So, why LEGO?
Well, it was what I had to hand. If I were a competent woodworker, perhaps I could have made something else. But I had Lego. In addition, LEGO is a superb tool for engineering and construction. LEGO bricks are made with great precision. You can stick hundreds of them together and still create something blessed with straight lines and ends that match up exactly.
Unlike other materials, LEGO needs nothing but itself to fix itself together, and it does that really well. At the same time, it's easy to dismantle and experiment with (try that with wood, or metal). Also LEGO doesn't need finishing. It's already smooth, shiny and a bright uniform colour.
Of course, LEGO also presents a number of limitations. It's directional - every piece has a top and a bottom. It's chunky, not fine, and you're stuck with its basic dimensions. You can't have half a piece of LEGO, unless you want ruined LEGO.
In this it reflects something of the nature of digital computers. They're both modular and binary. You can't have half bits, and everything has to be made out of these numerous discrete bits, each one of which is exactly the same as thousands of others. LEGO gives you straight lines and right angles, but curves, like the curves that you might see on a computer screen, are really composed of small squares. LEGO reminds you that we're all made of atoms. LEGO and digital computing are excellent metaphors for each other.

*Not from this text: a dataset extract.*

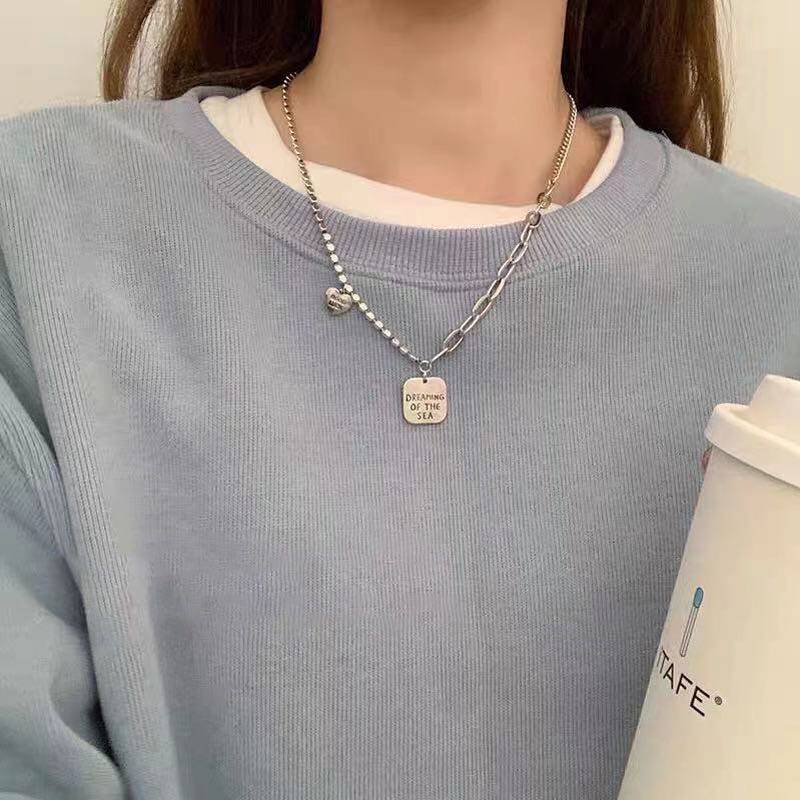 2021 NEW TIDE NECKLACE WOMEN PURE SILVER SQUARE CARD SWEATER NECKLACE Hip Hop Light Extravagant SENSE LOCK BONE CHAIN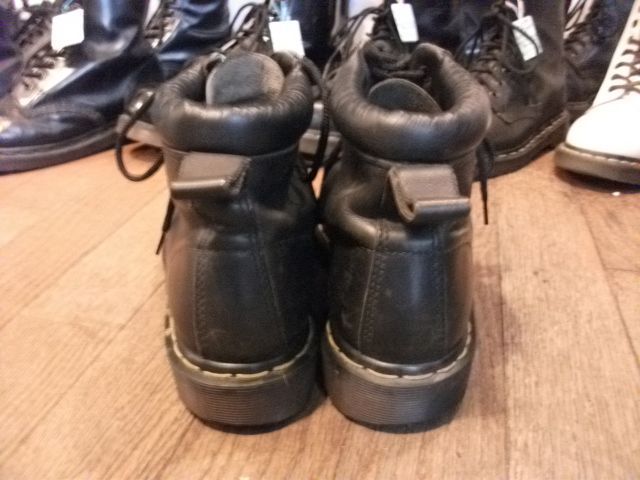 画像: 【21735-73】Dr.Martens　6ホール　（ブラック）　USED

In Douglas Coupland's novel Microserfs one of the characters laments that his childhood spent playing with LEGO (and his adult life spent writing computer software) has left him unable to appreciate properly the nature of organic things: he feels constantly compelled to reduce all to the limits of the schemas given by digital, modular, binary worlds. He feels unable to represent nature to himself, to think about it, except as reduced to large, bumpy atoms. But one need not fall into his predicament: this reduction is available to us, and as long as we're aware that it is a reduction, it's a useful and illuminating way of looking at things. So let's keep playing with LEGO and computers.